Avec l’affaire Girard, la dénonciation des modes d’action du « néoféminisme » ravive une polémique récurrente. Soubresauts de l’ancien monde ou retour des tribunaux populaires, la question divise.
En 1964, Serge Gainsbourg chante « ce mortel ennui qui me vient quand je suis avec toi ». Mazarine Pingeot a ce refrain jazzy et mortifère en tête quand elle rédige une tribune au vitriol, publiée dans Le Monde, le 28 juillet. L’écrivaine, agrégée de philosophie, y décrit le nouveau féminisme comme « une police des mœurs », imposant « une morale adossée à la haine », et « ce mortel ennui », donc, que lui inspire « la victoire d’extrémistes médiocres ». Quelques jours plus tôt, la conseillère écologiste de Paris Alice Coffin, avec d’autres militantes féministes, venait d’obtenir la démission de Christophe Girard, adjoint à la culture d’Anne Hidalgo, accusé d’avoir soutenu l’écrivain pédophile Gabriel Matzneff.

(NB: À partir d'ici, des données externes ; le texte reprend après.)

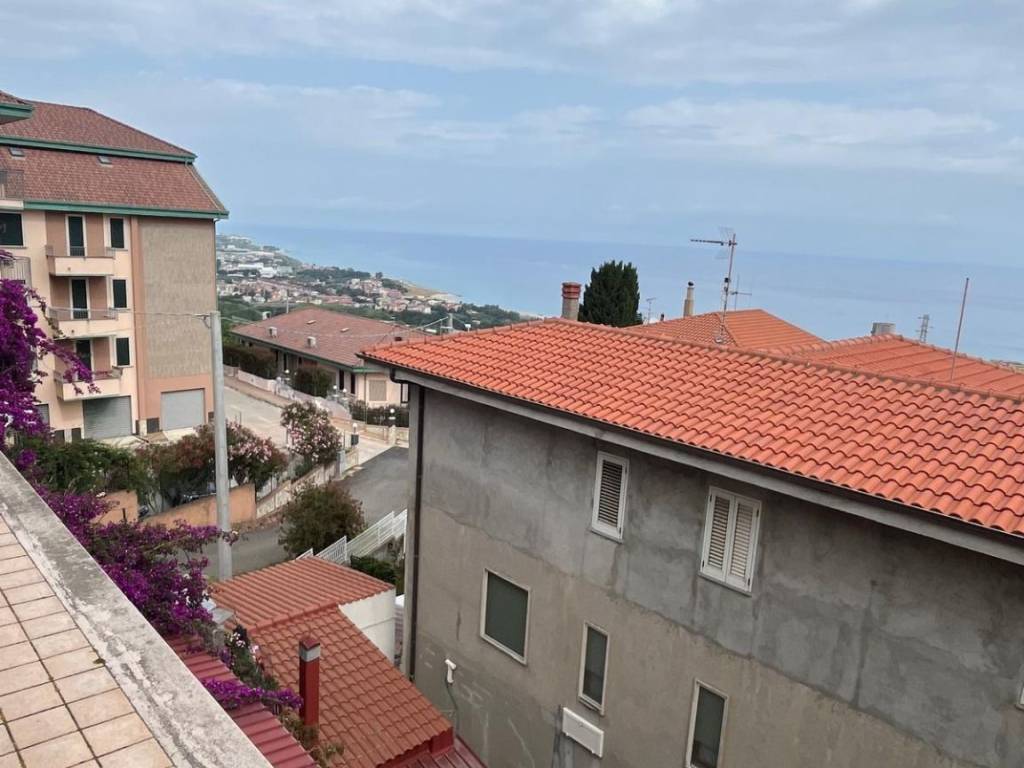 Appartamento a Vibo valentia in Via Roma Traversa 2, 3 - Foto 2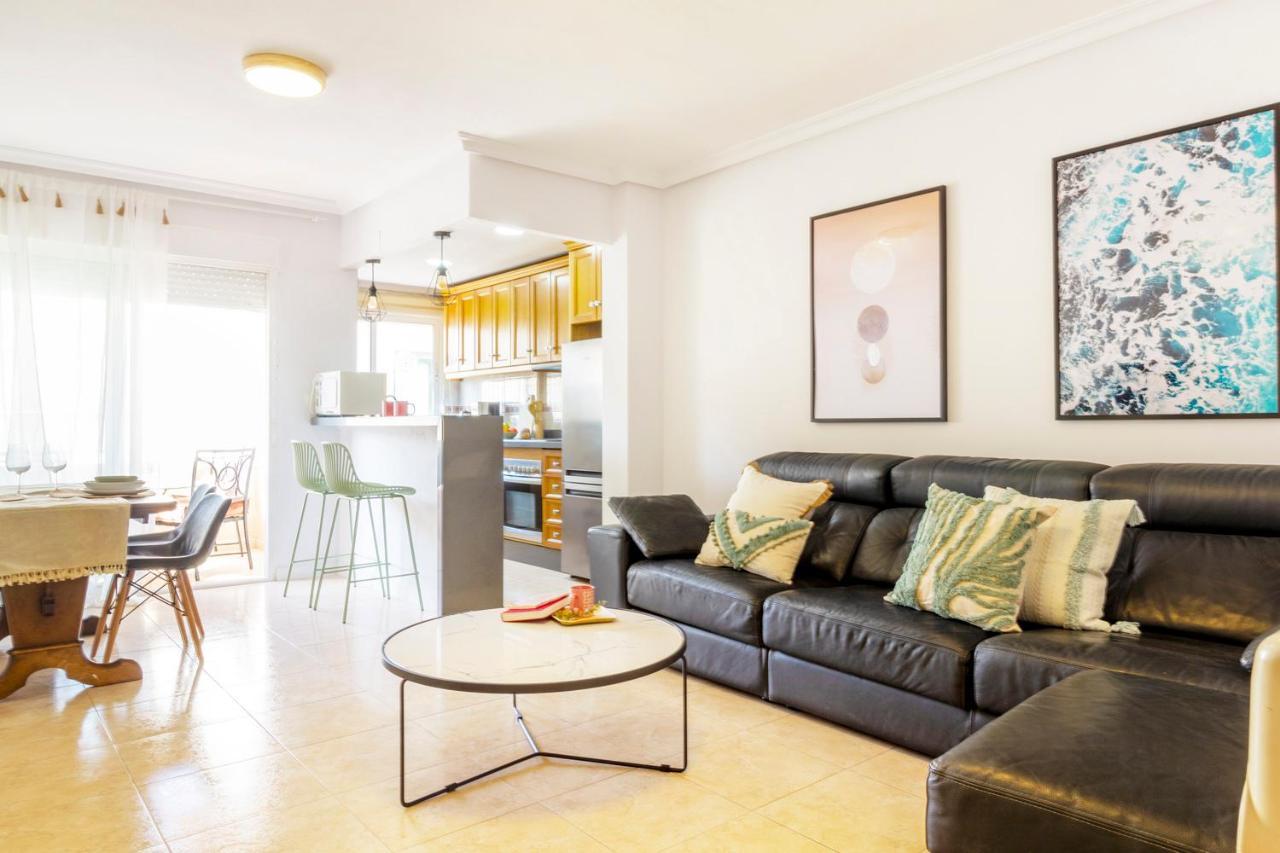Apartamento Pink Maritimo تورّيفيِخا المظهر الخارجي الصورة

L’autrice de Se taire (Julliard, 2019), roman sur le viol et le silence, dénonce ensuite dans sa diatribe « l’inconséquence des nouveaux maccarthystes » et questionne : « Pourquoi les femmes s’en tiendraient à occuper la seule place de la délation, de la vengeance et de la vindicte ? » Ironie du sort, le jour même, Gisèle Halimi, l’avocate emblématique du féminisme, décédait à l’âge de 93 ans.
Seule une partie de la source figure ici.